Abdoulaye Diop, chef de la diplomatie malienne: «Nous demandons que Paris nous respecte en tant que pays»
Le ton se durcit un peu plus entre Paris et Bamako. Jeudi 27 janvier, le ministre français des Affaires étrangères a critiqué une junte « illégitime », qui prend des « mesures irresponsables ». Réponse de son homologue malien Abdoulaye Diop, dans une interview exclusive RFI/ France 24 accordée à Christophe Boisbouvier et Marc Perelman : il condamne les propos du responsable français.
En exclusivité sur RFI et France 24, le chef de la diplomatie malienne ne mâche pas ses mots. En réaction à son homologue français Jean-Yves Le Drian, qui a dénoncé les mesures « irresponsables » des autorités « illégitimes » du Mali à propos de la demande de retrait des forces danoises, Abdoulaye Diop réplique que « ces insultes et ces propos empreints de mépris sont inacceptables et ne sont pas une preuve de grandeur ». Le ministre malien ajoute que son pays est prêt, le cas échéant, à dénoncer l’accord de défense conclu avec la France, parce que « certaines dispositions sont contraires à la Constitution et à la souveraineté du Mali ». Il en a demandé récemment la révision à Paris et « attend une réponse rapide de Paris ».
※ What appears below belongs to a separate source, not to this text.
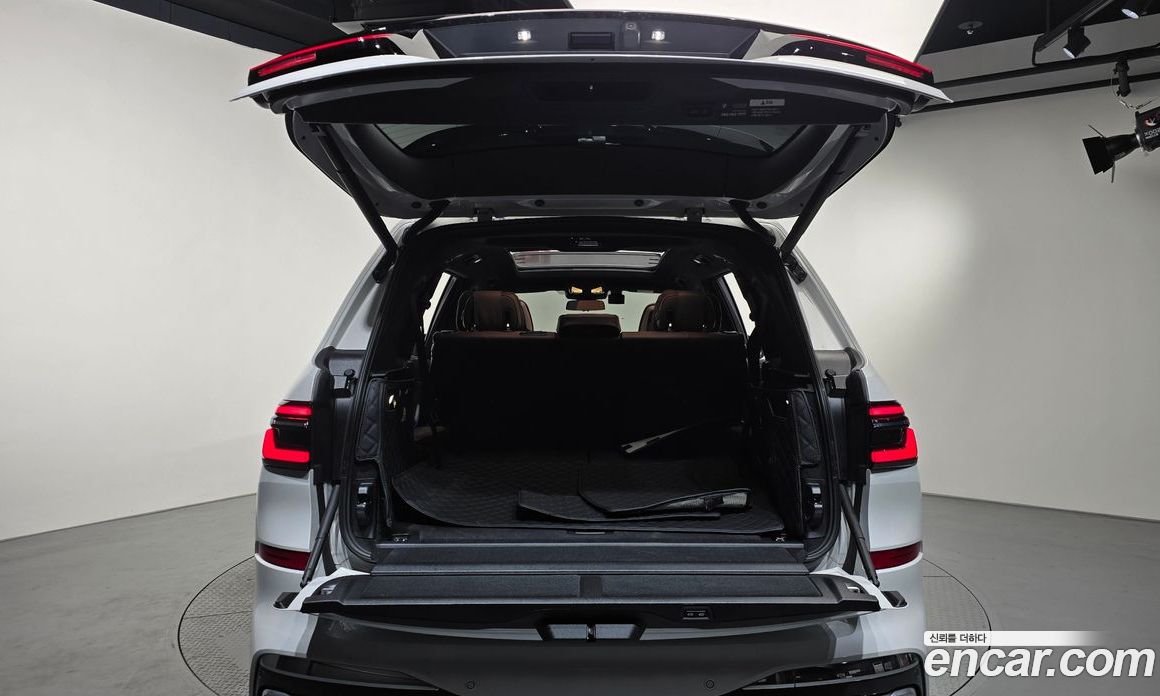 BMW X7 (G07) фото 17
La junte malienne va-t-elle demander le départ des troupes françaises, comme elle l’a fait avec les forces spéciales danoises ? « Cette question n’est pas pour le moment sur la table », répond Abdoulaye Diop, qui précise : « Si une présence à un moment donné est jugée contraire aux intérêts du Mali, nous n’hésiterons pas à nous assumer, mais nous n’en sommes pas là. » Le dialogue est-il rompu entre MM. Diop et Le Drian ? « Dommage qu’on entende davantage Jean-Yves Le Drian sur les médias qu’ailleurs, dit Abdoulaye Diop, mais le Mali reste ouvert au dialogue. La France applaudit les coups d’État quand ils vont dans le sens de ses intérêts et les condamne quand ils vont dans un sens contraire à ses intérêts. » Le ministre malien pense-t-il au Tchad ? « Je ne pense à rien », répond-il, diplomatiquement…
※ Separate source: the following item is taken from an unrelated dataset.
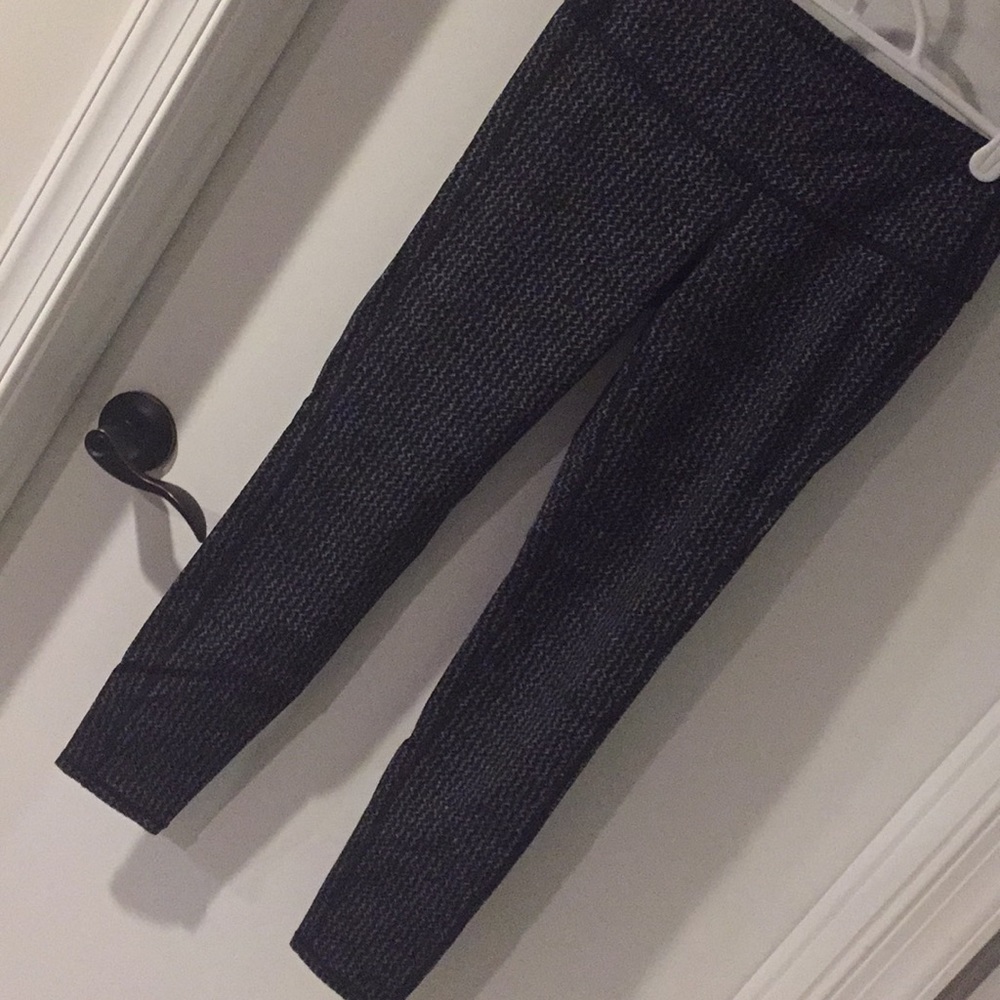 Athleta Chaturanga yoga leggings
Pour l’instant, la junte malienne se donne un mandat de cinq ans avant de rendre le pouvoir aux civils, mais le chef de la diplomatie malienne n’écarte pas une réduction de la durée de cette transition. La junte pourrait-elle accepter une transition de seize mois, comme le propose le président algérien Abdelmajid Tebboune ? « Nous ne nous focalisons pas sur une durée de seize mois, deux ans ou trois ans à ce stade, mais nous voulons qu’on regarde ce qui est important pour le peuple malien », répond Abdoulaye Diop. Enfin, le ministre malien appelle la Cédéao à plus de souplesse à l’égard de son pays. Pour lui, le coup d’État du 24 janvier au Burkina est la preuve que les sanctions Cédéao du 9 janvier contre le Mali ont été « inefficaces ».